» **What the task requires**
What is the number of lines in the data that include the string "Vintage"? Give it by itself.

---- Material provided

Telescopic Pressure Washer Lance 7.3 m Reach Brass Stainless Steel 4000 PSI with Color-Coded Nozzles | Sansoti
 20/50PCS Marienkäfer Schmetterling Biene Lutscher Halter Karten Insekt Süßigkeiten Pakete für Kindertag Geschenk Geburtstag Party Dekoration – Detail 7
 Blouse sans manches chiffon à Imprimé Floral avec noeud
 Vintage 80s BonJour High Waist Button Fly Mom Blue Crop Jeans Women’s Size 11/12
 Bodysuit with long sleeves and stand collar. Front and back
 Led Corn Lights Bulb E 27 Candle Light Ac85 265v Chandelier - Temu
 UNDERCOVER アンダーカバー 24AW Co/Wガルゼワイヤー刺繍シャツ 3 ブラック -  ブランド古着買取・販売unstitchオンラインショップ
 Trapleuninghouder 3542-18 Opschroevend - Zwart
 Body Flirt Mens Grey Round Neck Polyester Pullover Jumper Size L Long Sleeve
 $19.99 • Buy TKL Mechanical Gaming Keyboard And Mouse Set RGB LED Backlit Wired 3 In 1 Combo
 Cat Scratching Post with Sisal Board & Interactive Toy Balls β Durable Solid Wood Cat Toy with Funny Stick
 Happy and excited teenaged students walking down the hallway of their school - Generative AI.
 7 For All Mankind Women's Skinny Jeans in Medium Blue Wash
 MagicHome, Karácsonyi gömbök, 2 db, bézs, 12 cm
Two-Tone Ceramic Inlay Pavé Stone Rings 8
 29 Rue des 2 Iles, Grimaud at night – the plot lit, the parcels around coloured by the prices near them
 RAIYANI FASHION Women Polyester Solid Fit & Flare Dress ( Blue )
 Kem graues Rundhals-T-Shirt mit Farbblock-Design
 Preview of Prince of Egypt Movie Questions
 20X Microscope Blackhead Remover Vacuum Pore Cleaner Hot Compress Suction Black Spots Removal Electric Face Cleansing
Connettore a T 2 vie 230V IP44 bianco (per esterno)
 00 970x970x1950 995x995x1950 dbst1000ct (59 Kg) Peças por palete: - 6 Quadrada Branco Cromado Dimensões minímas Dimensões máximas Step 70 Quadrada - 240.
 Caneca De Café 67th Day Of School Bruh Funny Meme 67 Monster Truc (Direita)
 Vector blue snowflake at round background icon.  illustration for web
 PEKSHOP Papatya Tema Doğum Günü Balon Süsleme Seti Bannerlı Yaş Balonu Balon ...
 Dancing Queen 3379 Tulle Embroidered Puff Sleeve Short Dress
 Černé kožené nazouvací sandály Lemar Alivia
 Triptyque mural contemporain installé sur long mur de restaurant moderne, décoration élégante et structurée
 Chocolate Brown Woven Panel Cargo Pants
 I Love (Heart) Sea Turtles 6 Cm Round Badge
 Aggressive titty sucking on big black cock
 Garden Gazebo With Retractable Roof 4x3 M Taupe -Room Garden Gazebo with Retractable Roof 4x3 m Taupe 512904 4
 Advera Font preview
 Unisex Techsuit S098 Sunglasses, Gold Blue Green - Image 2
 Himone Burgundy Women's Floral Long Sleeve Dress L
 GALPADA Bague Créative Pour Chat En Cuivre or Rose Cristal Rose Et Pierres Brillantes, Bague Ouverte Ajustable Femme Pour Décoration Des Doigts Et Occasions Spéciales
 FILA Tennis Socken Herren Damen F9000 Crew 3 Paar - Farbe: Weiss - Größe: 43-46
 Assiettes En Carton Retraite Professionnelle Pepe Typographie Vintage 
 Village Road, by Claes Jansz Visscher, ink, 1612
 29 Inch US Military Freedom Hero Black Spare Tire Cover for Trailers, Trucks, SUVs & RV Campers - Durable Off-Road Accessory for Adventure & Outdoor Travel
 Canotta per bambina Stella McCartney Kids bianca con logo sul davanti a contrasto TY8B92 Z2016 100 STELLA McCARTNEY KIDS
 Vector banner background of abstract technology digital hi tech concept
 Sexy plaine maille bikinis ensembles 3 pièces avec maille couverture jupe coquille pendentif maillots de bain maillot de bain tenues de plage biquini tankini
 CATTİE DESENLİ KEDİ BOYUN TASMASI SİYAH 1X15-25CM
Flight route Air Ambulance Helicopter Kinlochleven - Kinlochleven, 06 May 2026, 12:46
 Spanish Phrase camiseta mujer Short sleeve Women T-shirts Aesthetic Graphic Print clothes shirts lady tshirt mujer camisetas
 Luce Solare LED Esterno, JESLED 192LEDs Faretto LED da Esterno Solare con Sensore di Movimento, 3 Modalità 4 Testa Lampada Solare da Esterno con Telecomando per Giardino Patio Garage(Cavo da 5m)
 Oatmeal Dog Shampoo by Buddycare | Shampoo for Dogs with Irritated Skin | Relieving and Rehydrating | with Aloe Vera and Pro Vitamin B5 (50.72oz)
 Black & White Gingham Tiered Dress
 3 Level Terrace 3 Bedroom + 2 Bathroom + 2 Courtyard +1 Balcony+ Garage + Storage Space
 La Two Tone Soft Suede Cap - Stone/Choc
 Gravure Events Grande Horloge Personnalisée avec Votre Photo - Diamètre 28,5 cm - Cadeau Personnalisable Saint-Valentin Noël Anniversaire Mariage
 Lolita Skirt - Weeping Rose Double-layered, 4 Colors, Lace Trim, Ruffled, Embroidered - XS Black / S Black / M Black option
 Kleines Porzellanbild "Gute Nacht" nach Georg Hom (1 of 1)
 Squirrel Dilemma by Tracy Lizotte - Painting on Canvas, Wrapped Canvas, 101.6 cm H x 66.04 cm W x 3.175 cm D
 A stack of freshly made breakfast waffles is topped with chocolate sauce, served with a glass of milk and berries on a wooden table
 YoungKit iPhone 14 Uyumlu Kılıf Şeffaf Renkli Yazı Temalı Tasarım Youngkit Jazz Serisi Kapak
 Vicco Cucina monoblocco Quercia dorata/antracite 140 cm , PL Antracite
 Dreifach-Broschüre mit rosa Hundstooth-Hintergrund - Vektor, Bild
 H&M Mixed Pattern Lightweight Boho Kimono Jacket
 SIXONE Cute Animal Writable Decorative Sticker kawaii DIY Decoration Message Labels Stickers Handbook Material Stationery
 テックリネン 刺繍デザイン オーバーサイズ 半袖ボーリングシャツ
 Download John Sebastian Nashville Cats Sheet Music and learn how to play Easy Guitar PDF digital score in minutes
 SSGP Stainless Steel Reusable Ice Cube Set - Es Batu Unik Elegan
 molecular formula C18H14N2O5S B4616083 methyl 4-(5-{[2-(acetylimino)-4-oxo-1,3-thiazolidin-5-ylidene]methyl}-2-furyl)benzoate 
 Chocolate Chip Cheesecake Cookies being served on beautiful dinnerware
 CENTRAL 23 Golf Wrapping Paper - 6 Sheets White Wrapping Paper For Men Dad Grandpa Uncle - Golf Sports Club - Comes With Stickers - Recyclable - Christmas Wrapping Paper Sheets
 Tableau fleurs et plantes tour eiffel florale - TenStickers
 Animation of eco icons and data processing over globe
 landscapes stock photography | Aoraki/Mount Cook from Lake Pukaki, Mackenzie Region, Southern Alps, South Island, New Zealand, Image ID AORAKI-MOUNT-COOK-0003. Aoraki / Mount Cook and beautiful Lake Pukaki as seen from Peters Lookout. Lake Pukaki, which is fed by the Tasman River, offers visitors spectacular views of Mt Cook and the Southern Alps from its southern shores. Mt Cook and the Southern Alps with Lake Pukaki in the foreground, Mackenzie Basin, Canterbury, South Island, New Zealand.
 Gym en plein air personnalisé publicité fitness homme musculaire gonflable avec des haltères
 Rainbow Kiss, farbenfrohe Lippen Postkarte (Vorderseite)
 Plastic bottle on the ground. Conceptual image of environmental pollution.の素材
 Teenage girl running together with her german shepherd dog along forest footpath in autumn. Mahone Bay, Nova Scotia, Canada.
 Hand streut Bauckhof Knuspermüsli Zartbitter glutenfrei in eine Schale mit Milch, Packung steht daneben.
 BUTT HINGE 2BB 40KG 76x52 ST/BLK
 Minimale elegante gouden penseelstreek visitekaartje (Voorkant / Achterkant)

--------

» **Task answer**
2